3. **`pd.to_numeric(spend_string, errors='coerce')`:**
   - Converts currency strings to float after cleaning
   - More robust than `astype(float)` which would fail on strings
   - `errors='coerce'` turns unparseable values into NaN for safe imputation

4. **`is_marketing_opt_in.fillna(False).astype('bool')`:**
   - First fills nulls with safe default
   - Then converts to strict boolean type (not nullable)
   - Ensures downstream logic can rely on True/False without null checks

### Export Final Cleaned Dataset

In [None]:
import pyarrow.parquet as pq
import pyarrow as pa
from pathlib import Path

# Create output directory
out = Path('artifacts/clean')
out.mkdir(parents=True, exist_ok=True)

# Choose which cleaned dataset to export (resolved or best)
final = resolved  # or `best` depending on policy preference

# Write to parquet
output_path = out / 'users_clean.parquet'
pq.write_table(pa.Table.from_pandas(final, preserve_index=False), output_path)

print(f"Cleaned users data exported to: {output_path}")
print(f"Final row count: {len(final)}")
print(f"File size: {output_path.stat().st_size:,} bytes")
print(f"\nFinal data shape: {final.shape}")
print(f"\nSample of cleaned data:")
final.head()

### Data Quality Summary

In [None]:
print("DATA QUALITY METRICS")
print("=" * 60)
print(f"Original rows: {len(users)}")
print(f"Rows after dropping missing keys: {len(clean1)}")
print(f"Final rows after deduplication: {len(final)}")
print(f"Total rows removed: {len(users) - len(final)} ({100*(len(users)-len(final))/len(users):.1f}%)")
print("\n" + "=" * 60)

print("\nFINAL MISSING DATA:")
print(final.isna().sum())

print("\n" + "=" * 60)
print("\nDATA TYPE SUMMARY:")
print(final.dtypes)

print("\n" + "=" * 60)
print("\nSPEND STATISTICS:")
print(final['spend_usd'].describe())

print("\n" + "=" * 60)
print("\nCOUNTRY DISTRIBUTION:")
print(final['country_norm'].value_counts())

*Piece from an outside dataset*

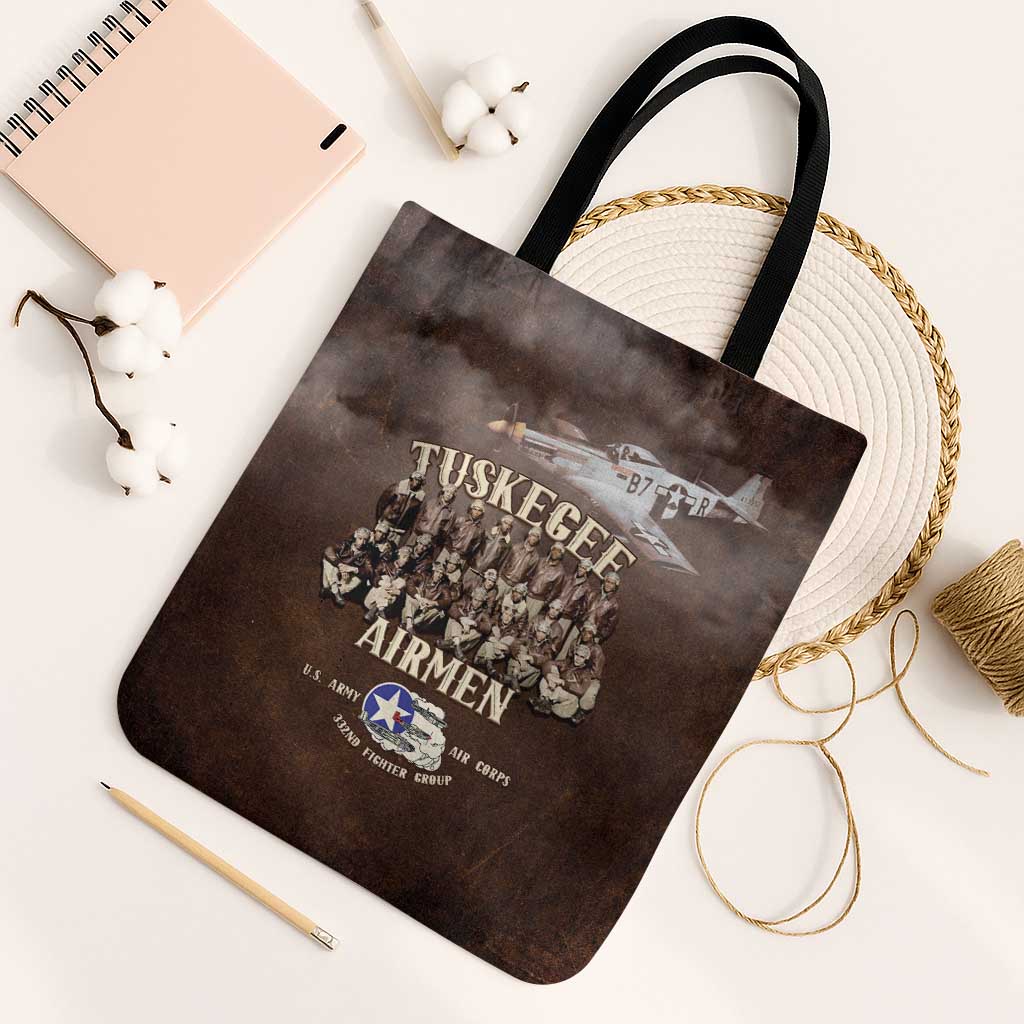 Remembering Tuskegee Airmen Tote Bag Heroes of the 332nd Squadron Retro Style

### Common Pitfalls Avoided

1. **Over-dropping with `dropna()`**: We used `subset=['user_id','email']` instead of dropping all rows with any nulls, preserving 95%+ of data.

2. **`astype(float)` on non-numeric strings**: We used `pd.to_numeric(..., errors='coerce')` which safely handles unparseable values.

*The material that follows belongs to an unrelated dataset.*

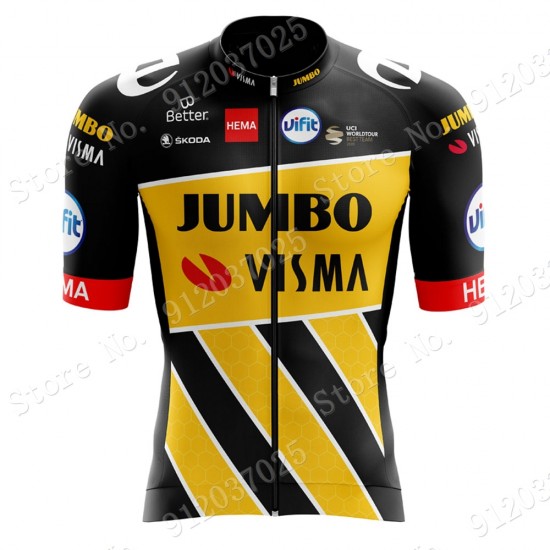 New Style Jumbo Visma 2021 Team Wielerkleding Fietsshirt Korte Mouw 2021062652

3. **Inconsistent duplicate resolution**: We sorted by multiple columns before `drop_duplicates()` to ensure deterministic results.

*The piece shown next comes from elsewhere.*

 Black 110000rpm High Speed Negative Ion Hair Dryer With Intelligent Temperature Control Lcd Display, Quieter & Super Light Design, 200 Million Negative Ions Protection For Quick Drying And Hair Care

4. **Mixing object, string, and nullable dtypes**: We were explicit with types like `Float64` for nullable numerics and proper `bool` after imputation.

5. **Ignoring group-wise patterns**: We used country-specific median imputation for spend rather than global median, preserving geographic patterns.

## Conclusion

In this lab, we:

✅ Inspected and quantified missing data across multiple dimensions  
✅ Applied strategic imputation using group-wise statistics  
✅ Normalized inconsistent data formats (currency, dates, categories)  
✅ Converted data types appropriately using nullable types where needed  
✅ Identified and removed duplicates using composite key strategies  
✅ Compared `apply` vs vectorized operations for performance  
✅ Exported clean, analysis-ready data in Parquet format  

The cleaned dataset is now ready for downstream analytics, machine learning, or LLM pipeline integration.